When a child or an adult has healthy self-esteem, they know that there’s nothing in the world that anybody could ever say or do that could change their value. Their value does not depend on anything external.
There are three different levels of self-esteem.
Lowest Level: “I am not valuable.” Oftentimes, those are people who end up in very difficult adult relationships, and struggle with overall success, and with their emotions.
Middle Level: A feeling of – my value depends on something. I’m valuable IF…If I look a certain way, If I get certain grades, If I behave a certain way….
Highest and Healthiest Level: Having full knowledge that every human being is tremendously valuable. Notice I didn’t say, “I am” tremendously valuable. We don’t want people to think that some people are more valuable than others, because that creates insecurity.
We want our children to understand that a human being is an indescribably amazing and valuable creation. We all have the ability to give, to think, to bring joy to the world, and to love.
Maintaining One’s Intrinsic Value
A metaphor that I give to kids is this: let’s say I look at a couch and I tell the couch, “You are a tree.” Is the couch going to turn into a tree? No. How about if I scream, “You’re a tree!” No. How about if 27 people scream, “You’re a tree!”? No. There’s nothing anyone could ever say or do to turn that couch into a tree.
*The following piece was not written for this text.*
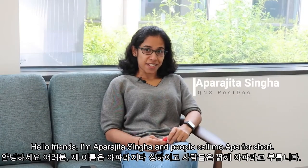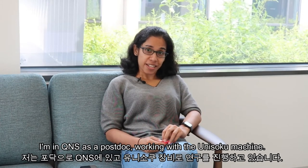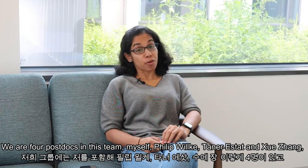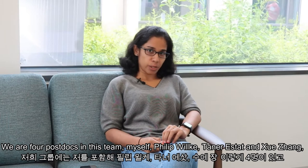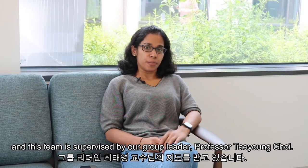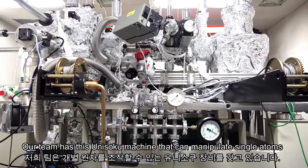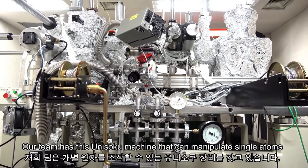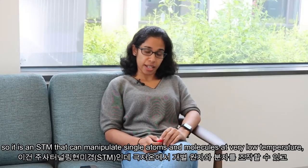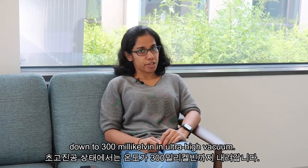Hello friends, I am Aparajita Singha and people call me APA for short. I am in Q&S as a postdoc working with the Inisoku machine. We are four postdocs in this team: myself, Philip Ulke, Taner Esat, and Shui Zhang, and this team is supervised by our group leader, Professor Thean Choi. Our team has this Inisoku machine that can manipulate single atoms — it is an STM that can manipulate single atoms and molecules at very low temperature, down to 300 mK, in ultra-high vacuum.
Kids could be mean to you in class and it hurts. But that’s never going to change who you are.
Something we can do to help children internalize their value is to expect that mistakes are a part of their journey. And expect them to have very big feelings.
When we get upset with our children for having very strong feelings, it is as if we’re getting upset at a house for having a door. Human beings are expected to have big feelings, so when your kids are carrying on or having a temper tantrum, and you’re thinking, “Oh my goodness, I have to change this,” realize that they will see the worry on your face, and then they start to believe that they are a problem, and that they are losing value.
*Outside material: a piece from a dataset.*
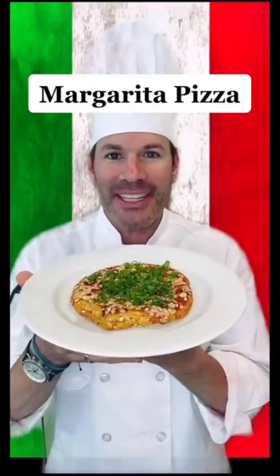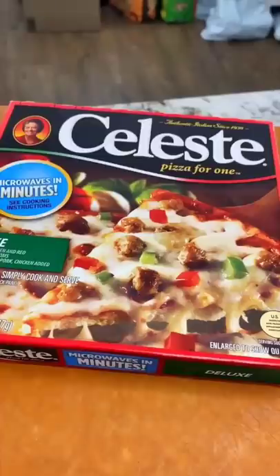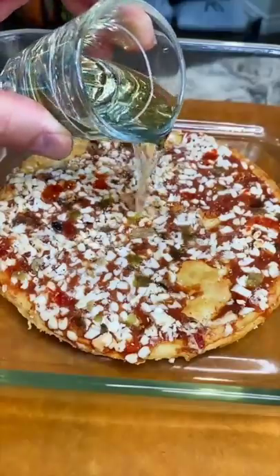Today we're in Italy making margarita pizza. It's margherita! Start with any frozen pizza. Ma come frozen pizza? Add one ounce of reposado tequila and lime juice. Ma you can't be serious, ma che sta roba? I'm Chef Scoobs and I hope— How can you be a chef not approved?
When your kids are having very strong feelings, you don’t have to do anything. You love them, so you want to be there with them. If they’re hurting somebody, you want to separate them or use a stop strategy, but you don’t need to get nervous and wonder what’s going on.
How to Feel Your Own Value
Another component of self-esteem is enjoying the gift of actually feeling your value.
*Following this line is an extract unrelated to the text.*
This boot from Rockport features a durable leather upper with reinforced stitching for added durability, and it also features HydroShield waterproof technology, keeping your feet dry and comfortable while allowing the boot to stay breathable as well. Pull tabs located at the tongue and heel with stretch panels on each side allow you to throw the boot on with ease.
That comes to us when we affect the world around us in a positive way. So, let’s say, for example, you cook a great meal. Of course, you don’t make the meal because you expect anyone to comment about it. But if someone does comment about it or if someone does enjoy it, you get to feel good about your value, right? But it doesn’t mean that you became more valuable.
It just meant you got to experience the feeling of being valued. You feel, “I am making an impact on someone in my world.” All people need to feel like they are contributing to the world, like they’re making the world a better place, like they’re needed, like they’re important. Sometimes parents will ask me, “What should I do? My child is really suffering from very low self-esteem and I haven’t really found anything yet that they’re so really great at.”
Bolstering Our Kids
What I tell parents at that point is that they have to think really, really hard, because there’s no such thing as a person that doesn’t have their own unique set of gifts. Everyone has a unique set of gifts and challenges. You have to find, and you have to create an opportunity for your child to affect the world around them.
Make sure your children know that their value is inherent and they can make use of their unique gifts (which they do have!). Then they can enjoy healthy self-esteem and accomplish great things.